Selten war die Politik so nah dran an den harten Fakten!

21.50 Uhr, Dezemberkälte. Von drinnen reißt ein Portier die Tür auf, roter Teppich bis zur Pendeltür der „Bar Rouge“ (geöffnet 20 bis 5 Uhr). Dahinter: roter Samt, gedämpftes Licht. Wenig sehen, alles ahnen! Dazu ein Duft aus Parfüm und Raumspray.

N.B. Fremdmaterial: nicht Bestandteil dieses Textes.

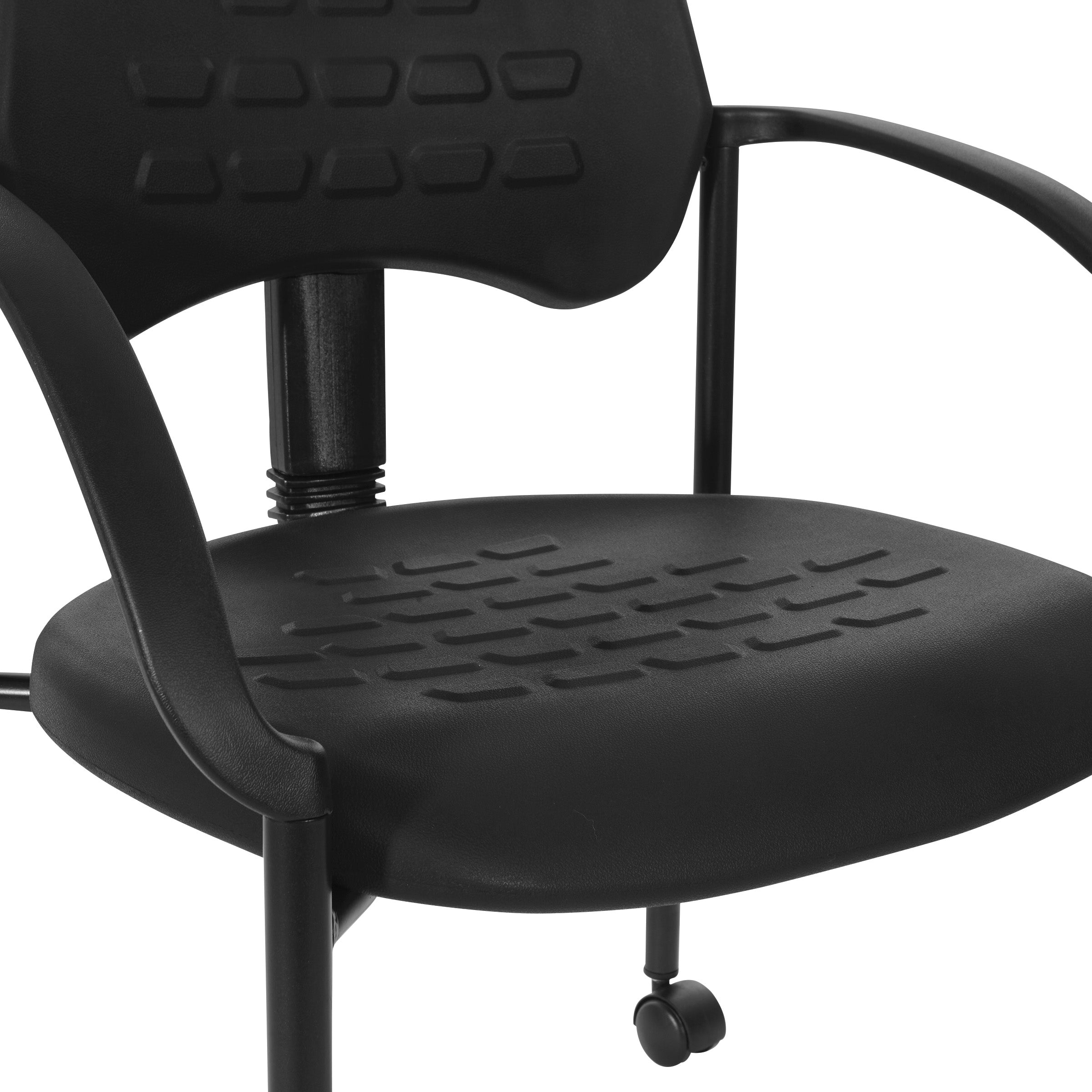 Guest Chair with Casters
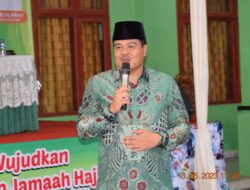 Sebanyak 1100 CJH Kabupaten Lampung Tengah Siap Ketanah Suci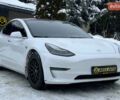 Білий Тесла Модель 3, об'ємом двигуна 0 л та пробігом 165 тис. км за 16500 $, фото 1 на Automoto.ua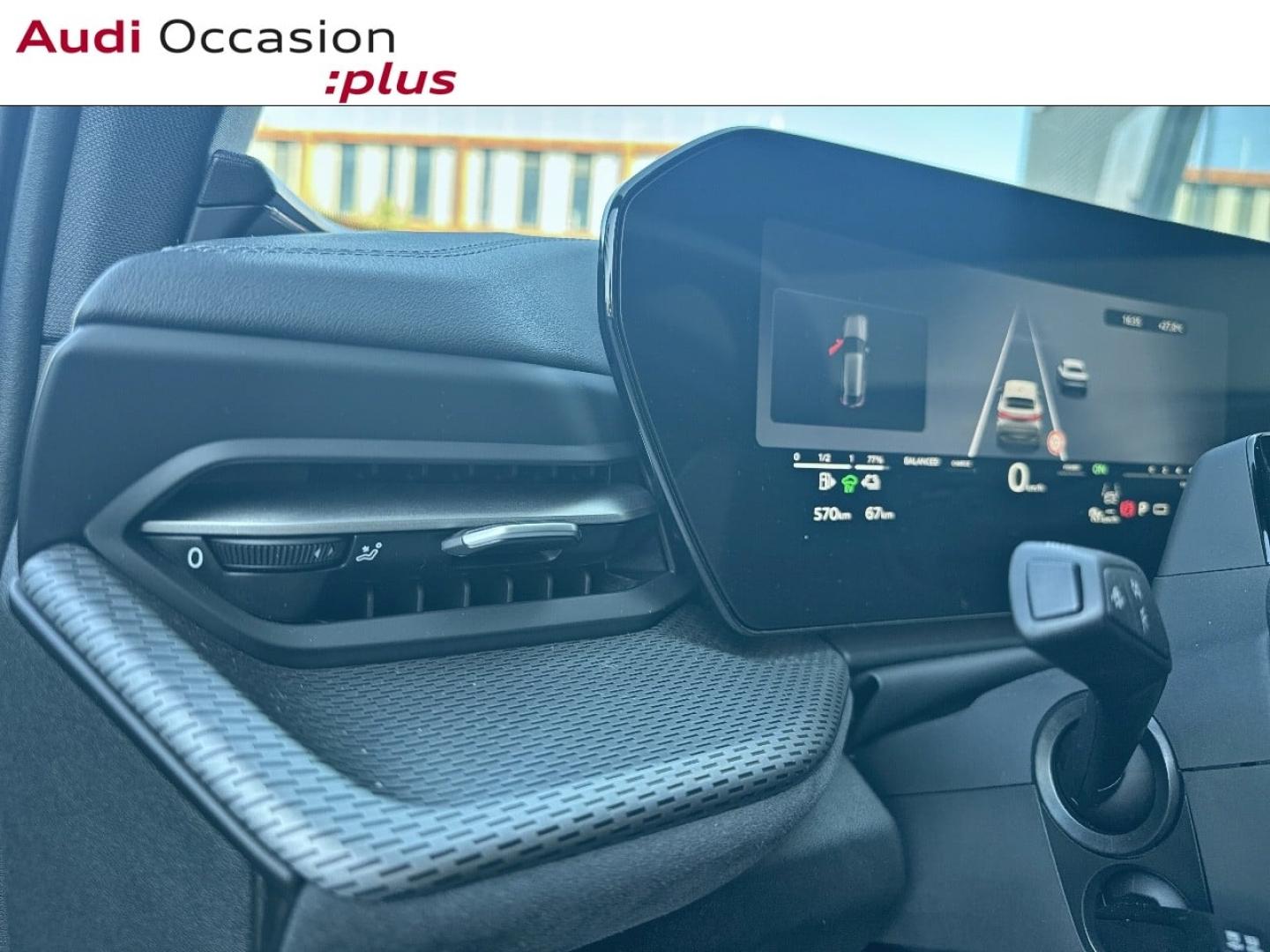 Voitures occasions Audi Q5 Sportback S line Mougins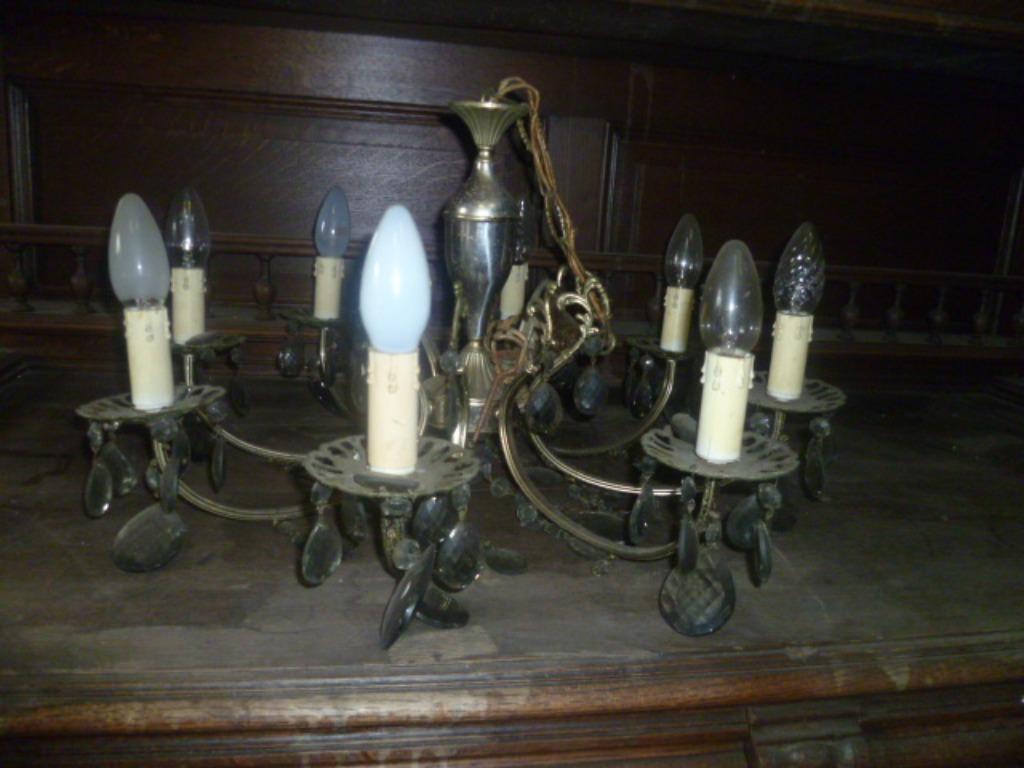 OUDE LUSTER, Ophalen of Verzenden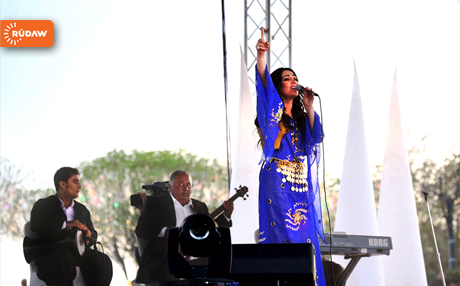 Festîvala Çand û Huner li Hewlêrê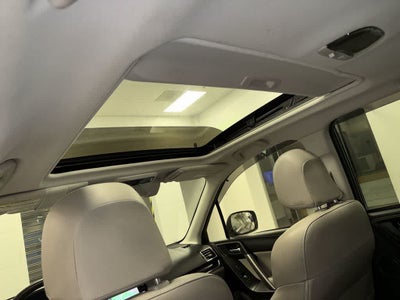 Subaru Forester Limited 2018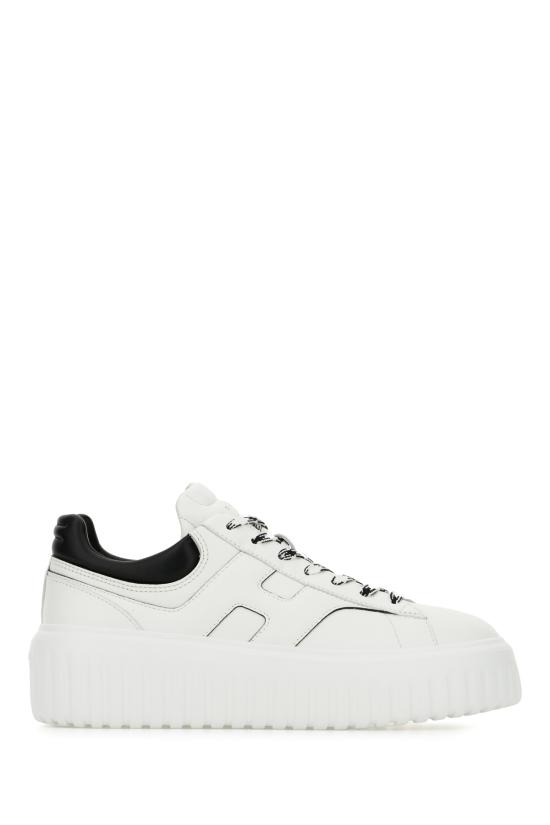 26SS 호간 스니커즈 HXW6450FE93UY8 0001 BIANCO NERO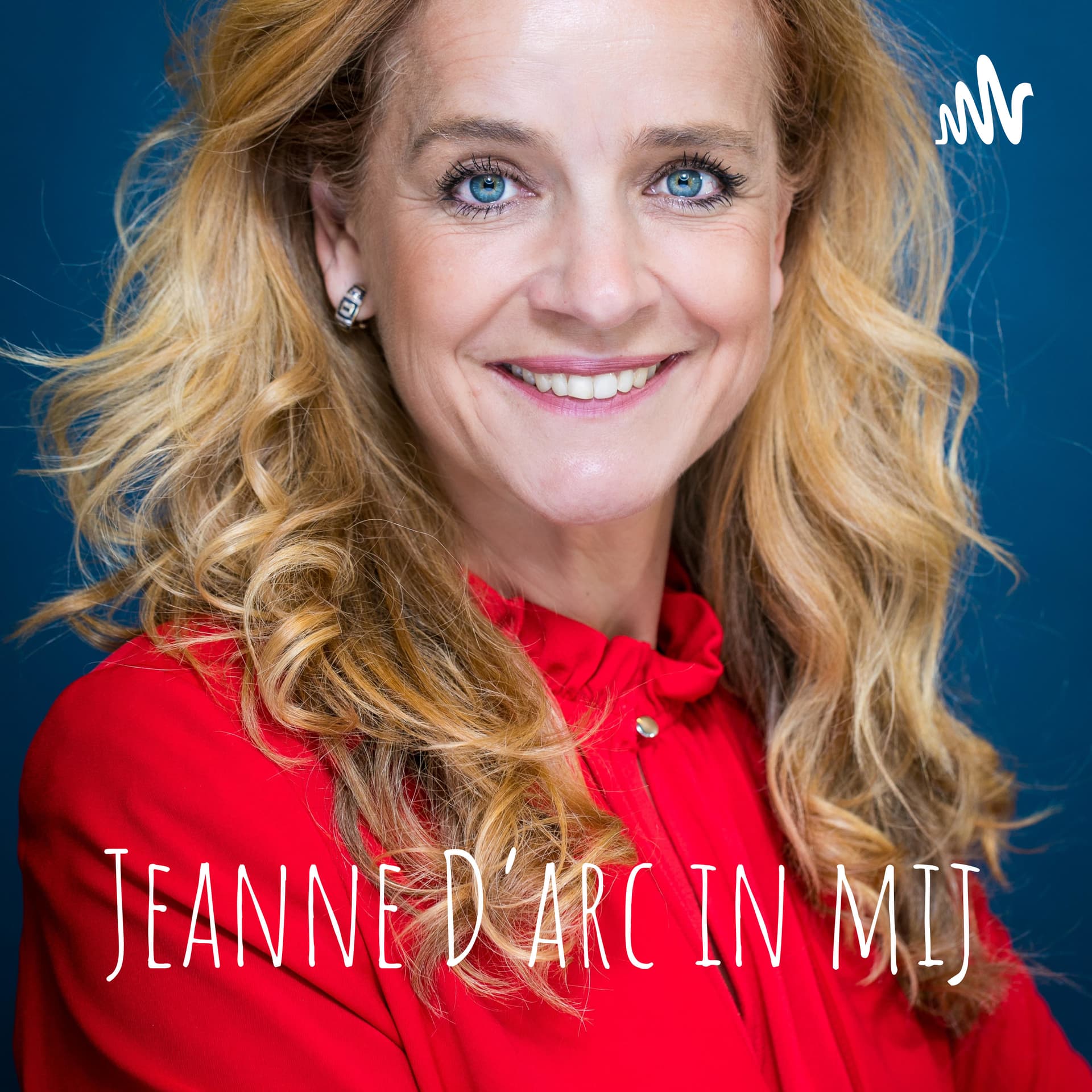 De Jeanne D'Arc in Mij - Podcasts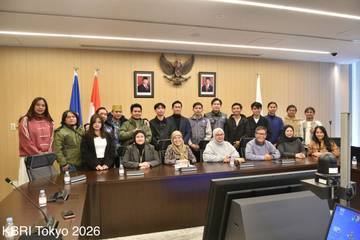 Embassy-BPJS Strengthen Protection for Indonesian Migrant Workers in Japan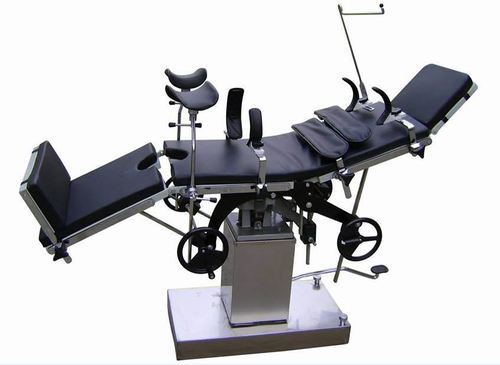 Operating table Side controlled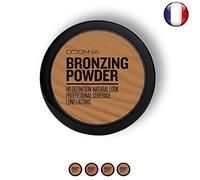 Poudre Bronzante Longue tenue Couvrance HD Pro Terre de soleil Longue durée Terracota
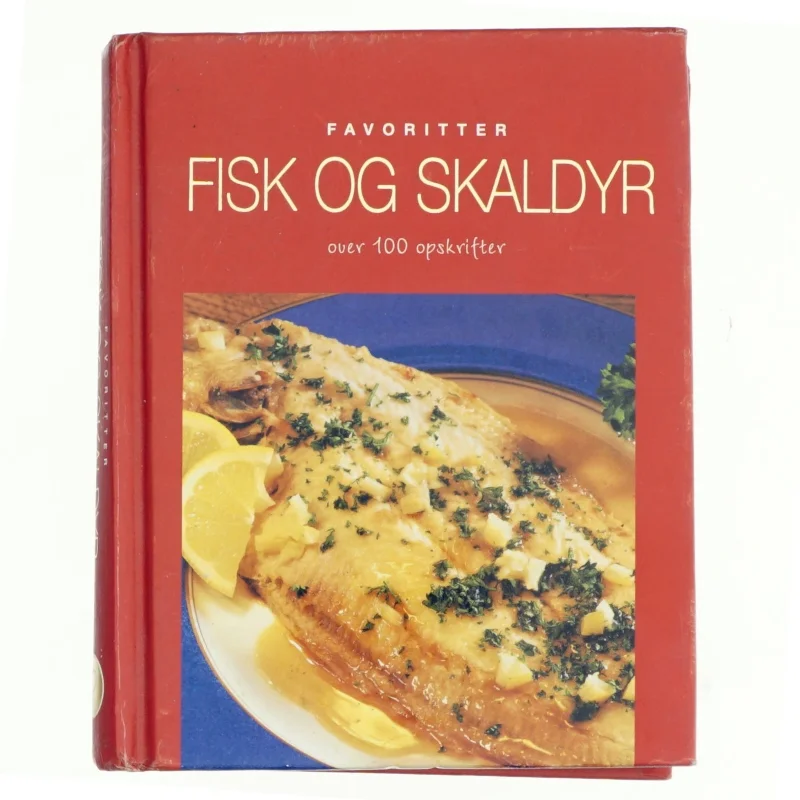 Fisk og skaldyr (Bog)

Viele Gäste im „Gentlemen's Club“ (Web-Seite) sind Damen, offenherzige Tops, Netz-Strümpfe, High Heels. An der Tür unterhalten sich zwei Frauen auf Russisch, an der Theke telefoniert eine auf Rumänisch. Snacks und Getränke der gehobenen Preisklasse an der Bar (Wodka Lemon 13,50 Euro, Cola 8,50 Euro). Alle Kreditkarten sind willkommen, ein Geldautomat für Barzahler, die keine Spuren hinterlassen wollen, steht vor der Tür.  

Zielgruppe: Politiker, Geschäftsleute, Lobbyisten.

„Hallo, ich bin Jasmin“ (Name geändert). Männer finden schnell Gesellschaft. Helles Lachen, lange Beine und ein Mini-Minirock, bei dem man sehen kann, was drunter ist: nichts.

Jasmin bestellt einen Piccolo (65 Euro), kommt rasch zur Sache: Ein „Zimmer“ kostet 200 Euro, mit Whirlpool 400, die Suite 500 Euro. Ihr „Honorar“ ist da schon drin. „Sonderleistungen“ kosten extra (Vorspiel ohne Kondom 50 Euro). Auch an den Getränken in der Bar verdient sie mit.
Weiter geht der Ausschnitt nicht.